- [How to complete this task]
An identical copy of all the records is what the answer must contain.

++++

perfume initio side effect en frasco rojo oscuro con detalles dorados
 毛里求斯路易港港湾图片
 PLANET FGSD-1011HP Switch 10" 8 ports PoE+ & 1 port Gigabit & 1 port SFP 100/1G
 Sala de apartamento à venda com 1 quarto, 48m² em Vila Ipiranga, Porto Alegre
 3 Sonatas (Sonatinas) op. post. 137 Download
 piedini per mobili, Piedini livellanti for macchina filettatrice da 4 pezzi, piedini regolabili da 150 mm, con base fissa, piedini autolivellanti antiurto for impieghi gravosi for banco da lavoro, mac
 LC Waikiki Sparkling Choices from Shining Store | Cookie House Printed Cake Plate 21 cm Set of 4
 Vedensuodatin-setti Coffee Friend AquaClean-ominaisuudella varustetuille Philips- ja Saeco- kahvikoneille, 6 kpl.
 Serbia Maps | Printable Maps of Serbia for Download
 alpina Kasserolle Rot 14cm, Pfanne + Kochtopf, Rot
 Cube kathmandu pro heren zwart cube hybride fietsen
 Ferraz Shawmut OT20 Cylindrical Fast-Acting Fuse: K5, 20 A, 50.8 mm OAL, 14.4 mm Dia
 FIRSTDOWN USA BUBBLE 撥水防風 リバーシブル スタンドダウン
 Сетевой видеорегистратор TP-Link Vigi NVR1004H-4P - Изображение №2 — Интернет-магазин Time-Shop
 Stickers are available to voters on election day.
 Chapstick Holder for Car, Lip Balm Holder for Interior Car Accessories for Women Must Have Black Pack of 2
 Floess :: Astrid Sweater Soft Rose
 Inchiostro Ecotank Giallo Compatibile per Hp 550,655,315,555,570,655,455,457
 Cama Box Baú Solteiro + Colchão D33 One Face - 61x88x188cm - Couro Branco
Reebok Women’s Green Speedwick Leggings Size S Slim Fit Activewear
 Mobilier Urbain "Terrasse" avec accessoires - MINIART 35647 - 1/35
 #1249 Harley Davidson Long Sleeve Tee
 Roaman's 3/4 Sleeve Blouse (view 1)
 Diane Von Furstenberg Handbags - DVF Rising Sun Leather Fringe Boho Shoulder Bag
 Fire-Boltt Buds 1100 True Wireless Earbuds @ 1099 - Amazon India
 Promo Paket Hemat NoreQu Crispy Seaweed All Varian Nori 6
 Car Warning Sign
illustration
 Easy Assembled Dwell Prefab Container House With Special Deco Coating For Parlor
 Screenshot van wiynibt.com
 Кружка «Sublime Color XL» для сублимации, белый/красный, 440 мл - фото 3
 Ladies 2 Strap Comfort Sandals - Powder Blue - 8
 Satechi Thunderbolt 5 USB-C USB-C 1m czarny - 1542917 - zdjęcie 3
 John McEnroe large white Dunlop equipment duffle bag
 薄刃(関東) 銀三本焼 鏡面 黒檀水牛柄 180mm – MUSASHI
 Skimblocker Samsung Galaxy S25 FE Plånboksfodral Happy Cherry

++++

- [Reply]
perfume initio side effect en frasco rojo oscuro con detalles dorados
 毛里求斯路易港港湾图片
 PLANET FGSD-1011HP Switch 10" 8 ports PoE+ & 1 port Gigabit & 1 port SFP 100/1G
 Sala de apartamento à venda com 1 quarto, 48m² em Vila Ipiranga, Porto Alegre
 3 Sonatas (Sonatinas) op. post. 137 Download
 piedini per mobili, Piedini livellanti for macchina filettatrice da 4 pezzi, piedini regolabili da 150 mm, con base fissa, piedini autolivellanti antiurto for impieghi gravosi for banco da lavoro, mac
 LC Waikiki Sparkling Choices from Shining Store | Cookie House Printed Cake Plate 21 cm Set of 4
 Vedensuodatin-setti Coffee Friend AquaClean-ominaisuudella varustetuille Philips- ja Saeco- kahvikoneille, 6 kpl.
 Serbia Maps | Printable Maps of Serbia for Download
 alpina Kasserolle Rot 14cm, Pfanne + Kochtopf, Rot
 Cube kathmandu pro heren zwart cube hybride fietsen
 Ferraz Shawmut OT20 Cylindrical Fast-Acting Fuse: K5, 20 A, 50.8 mm OAL, 14.4 mm Dia
 FIRSTDOWN USA BUBBLE 撥水防風 リバーシブル スタンドダウン
 Сетевой видеорегистратор TP-Link Vigi NVR1004H-4P - Изображение №2 — Интернет-магазин Time-Shop
 Stickers are available to voters on election day.
 Chapstick Holder for Car, Lip Balm Holder for Interior Car Accessories for Women Must Have Black Pack of 2
 Floess :: Astrid Sweater Soft Rose
 Inchiostro Ecotank Giallo Compatibile per Hp 550,655,315,555,570,655,455,457
 Cama Box Baú Solteiro + Colchão D33 One Face - 61x88x188cm - Couro Branco
Reebok Women’s Green Speedwick Leggings Size S Slim Fit Activewear
 Mobilier Urbain "Terrasse" avec accessoires - MINIART 35647 - 1/35
 #1249 Harley Davidson Long Sleeve Tee
 Roaman's 3/4 Sleeve Blouse (view 1)
 Diane Von Furstenberg Handbags - DVF Rising Sun Leather Fringe Boho Shoulder Bag
 Fire-Boltt Buds 1100 True Wireless Earbuds @ 1099 - Amazon India
 Promo Paket Hemat NoreQu Crispy Seaweed All Varian Nori 6
 Car Warning Sign
illustration
 Easy Assembled Dwell Prefab Container House With Special Deco Coating For Parlor
 Screenshot van wiynibt.com
 Кружка «Sublime Color XL» для сублимации, белый/красный, 440 мл - фото 3
 Ladies 2 Strap Comfort Sandals - Powder Blue - 8
 Satechi Thunderbolt 5 USB-C USB-C 1m czarny - 1542917 - zdjęcie 3
 John McEnroe large white Dunlop equipment duffle bag
 薄刃(関東) 銀三本焼 鏡面 黒檀水牛柄 180mm – MUSASHI
 Skimblocker Samsung Galaxy S25 FE Plånboksfodral Happy Cherry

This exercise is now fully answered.